Rio Tinto unhappy with increase in mineral extraction tax in Kazakhstan
Its increase occurred without sufficient discussion with the mining industry, according to the Kazakhstan office of a foreign mining and metallurgical company.
The Kazakh office of the Anglo-Australian mining and metals corporation Rio Tinto is unhappy that the mineral extraction tax (MET) for such exchange-traded metals as copper and gold will be increased to 50% next year as part of the updated Tax Code, as well as previously approved. Such a conclusion can be drawn from the speech of the CEO of Rio Tinto Exploration Kazakhstan Harry Wright during the webinar “Kazakhstan – investment climate and recent government policy”, organized by the British-Kazakh society, reports inbusiness.kz.
“Rio Tinto has been operating in Kazakhstan for about 20 years. Initially, the company was attracted by the good geological genealogy and the clear belief that there would be many more discoveries to be made in the country… In Kazakhstan, Rio Tinto is currently operating in the early stages of the mining process – at Exploration stage We do not have any existing mining or processing processes, and thus the most significant changes from recent amendments to the Tax Code, such as an increase in the MET or the removal of exemptions from taxation of dividends received from processing, do not affect us yet. However, we have every intention of making a geological discovery that will one day become a successful mining operation in the country. And because of this goal, we are concerned about the recent tax amendments, as well as mainly the increase in the MET, “said the top manager .
Recall that since 2015, for several years, Rio Tinto has been conducting geological exploration for the presence of significant copper reserves in the Korgantas and Balkhash-Saryshagan areas in the Karaganda region.

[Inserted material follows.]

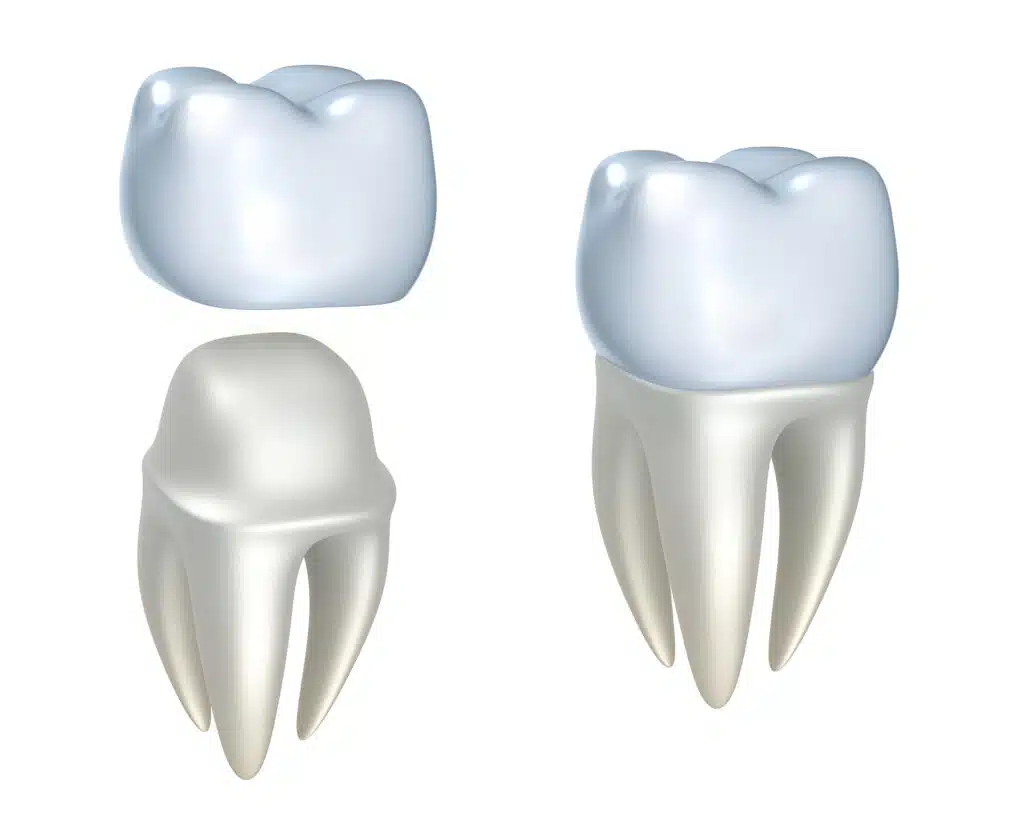 Are dental crowns right for you?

The geological study of Korgantas did not give tangible results to the Anglo-Australian company, so the contract for its subsoil use was terminated. In 2020, Rio Tinto Exploration Kazakhstan decided to start searching for porphyry copper ore deposits in the Kostanay region. By the way, in recent years, the corporation has been subjected to public criticism more than once for the allegedly negative consequences of its activities in such countries of presence as Mongolia and Australia.
“Over the past five years, we have witnessed the entry into force of new Tax, Environmental and Mining Codes, which, to varying degrees, implemented aspects of international best practices and OECD standards in their principles. But the development of these codes was carried out transparently, where versions of the bills were presented to the public and many forums have been set up to provide feedback.The subsequent process to develop these new codes showed a best practice approach to implementing changes.So this begs the question: why, in the case of recent MET changes, there was no or very little consultation with the industry before how to accept amendments? asked a representative of a foreign company.
According to him, Rio Tinto understands that the unfortunate events of January provided the impetus for several reform initiatives to address the imbalance of socio-economic and corporate interests in Kazakhstan through increased tax revenues.
“Most of us in the mining industry could understand and accept this. However, significant changes to key legislation that affect the foundations of commercial success should at least involve discussions between stakeholders in an attempt to reach a mutually acceptable solution. In the case of these amendments, we seem to have taken a step back from the previous good precedents that were mentioned.Increasing Kazakhstan’s MET rate to 50% for key minerals such as copper and gold makes it not only the highest in the CIS, but also one of the highest among countries in terms of Companies are conducting economic modeling to determine the investment viability of new projects and entry into a new country What could be economically viable for a project with an entry into the country at the 5.7% MET rate in the case of pre-change copper may cease to be justified at the level of 8.55% after the new amendments,” Wright stated.
He recalled that recently in the Democratic Republic of the Congo and Zambia, mining projects under development were abruptly suspended and it was recommended not to develop them due to the increase in the MET and the instability of the tax regime.
“The implementation of changes to the MET this time also seems illogical due to the fact that the country’s reserves of recoverable solid minerals are declining. There have not been any significant discoveries in 30 years, and the Ministry of Ecology, Geology and Natural Resources predicted that many existing deposits will be depleted in the near future with no clear replacement options on the horizon… In the mining industry, high-grade discoveries will need to be made to cover the increase in the MET,” the top manager stressed.
EY partner Roman Yurtaev, who spoke next, drew the attention of the webinar listeners to changes in the Tax Code, where, with amendments, deductions for intangible services purchased by Kazakhstani companies from related parties from abroad were limited to 3% of taxable income. Limits will apply to costs for services such as, inter alia, management, consulting, legal support, marketing, accounting, engineering and transfer of intellectual property rights. Restrictions from 2023 will affect industries such as the banking sector, oilfield services companies, telecommunications, IT, as well as the sale of consumer goods, which may affect the cost of their products and services for the population, the tax consultant warned.